Behandlungsmöglichkeiten:

Die Behandlung von Schmerzen bei MS ist multimodal und umfasst verschiedene Therapieansätze. Es gibt keinen "Goldstandard", aber die allgemeinen Therapieprinzipien für chronische Schmerzen gelten auch hier.
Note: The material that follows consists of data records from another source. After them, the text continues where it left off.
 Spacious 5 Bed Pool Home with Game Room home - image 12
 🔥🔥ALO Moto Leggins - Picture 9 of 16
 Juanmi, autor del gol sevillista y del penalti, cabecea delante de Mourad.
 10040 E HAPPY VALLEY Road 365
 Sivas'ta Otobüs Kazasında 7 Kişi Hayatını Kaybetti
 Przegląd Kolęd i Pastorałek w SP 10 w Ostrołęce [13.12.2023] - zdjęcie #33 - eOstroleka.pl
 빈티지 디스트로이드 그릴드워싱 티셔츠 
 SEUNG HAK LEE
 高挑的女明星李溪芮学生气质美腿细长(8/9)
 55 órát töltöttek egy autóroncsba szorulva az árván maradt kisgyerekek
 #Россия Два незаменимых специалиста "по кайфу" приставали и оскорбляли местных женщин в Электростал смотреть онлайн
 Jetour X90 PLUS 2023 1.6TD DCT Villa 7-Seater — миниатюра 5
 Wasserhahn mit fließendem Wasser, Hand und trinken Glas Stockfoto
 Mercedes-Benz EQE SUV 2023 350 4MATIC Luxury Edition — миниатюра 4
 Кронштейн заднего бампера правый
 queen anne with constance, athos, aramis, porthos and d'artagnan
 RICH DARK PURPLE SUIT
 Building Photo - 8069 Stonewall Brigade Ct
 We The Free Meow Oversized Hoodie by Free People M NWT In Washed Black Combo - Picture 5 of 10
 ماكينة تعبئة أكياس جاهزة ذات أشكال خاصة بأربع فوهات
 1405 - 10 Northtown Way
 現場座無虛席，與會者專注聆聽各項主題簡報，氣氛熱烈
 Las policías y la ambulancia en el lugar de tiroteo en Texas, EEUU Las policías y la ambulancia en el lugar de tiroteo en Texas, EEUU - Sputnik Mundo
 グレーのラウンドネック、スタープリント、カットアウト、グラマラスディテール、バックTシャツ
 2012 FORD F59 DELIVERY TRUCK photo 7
  • Medikamentöse Therapie:
    • Schmerzmittel: Je nach Art und Intensität der Schmerzen werden verschiedene Schmerzmittel eingesetzt, z.B. Paracetamol, nicht-steroidale Antirheumatika (NSAR) oder Opioide.
    • Antiepileptika: Wirkstoffe wie Gabapentin oder Pregabalin können bei neuropathischen Schmerzen helfen.
    • Antidepressiva: Einige Antidepressiva haben eine schmerzlindernde Wirkung, insbesondere bei neuropathischen Schmerzen.
    • Kortikosteroide: Können bei akuten Schüben mit starken Entzündungen eingesetzt werden.
    • Muskelrelaxantien: Zur Linderung von Muskelkrämpfen und Spastik.
  • Nicht-medikamentöse Therapie:
    • Physiotherapie: Krankengymnastik, Kälte-/Wärmebehandlungen und moderate Sportübungen können Muskelprobleme verbessern und Schmerzen lindern.
    • Ergotherapie: Hilft bei der Anpassung von Hilfsmitteln und der Verbesserung der Alltagsaktivitäten.
    • Verhaltenstherapie: Kann helfen, die psychologischen Auswirkungen von Schmerzen zu bewältigen und den Umgang mit Schmerzen zu verbessern.
    • Akupunktur: Kann bei einigen Patienten Schmerzen lindern.
    • Massage: Kann Muskelverspannungen lösen und Schmerzen reduzieren.
    • Selbsthilfegruppen: Bieten Unterstützung und Austausch mit anderen Betroffenen.
  • Weitere Maßnahmen:
    • Ausgewogene Ernährung: Kann den allgemeinen Gesundheitszustand verbessern und die Symptome lindern.
    • Regelmäßige Bewegung: Hilft, die Muskelkraft zu erhalten und die Beweglichkeit zu verbessern.
    • Stressbewältigung: Stress kann Schmerzen verstärken, daher ist es wichtig, Stress abzubauen.
    • Anpassung des Lebensstils: Anpassung der Alltagsaktivitäten an die individuellen Bedürfnisse und Einschränkungen.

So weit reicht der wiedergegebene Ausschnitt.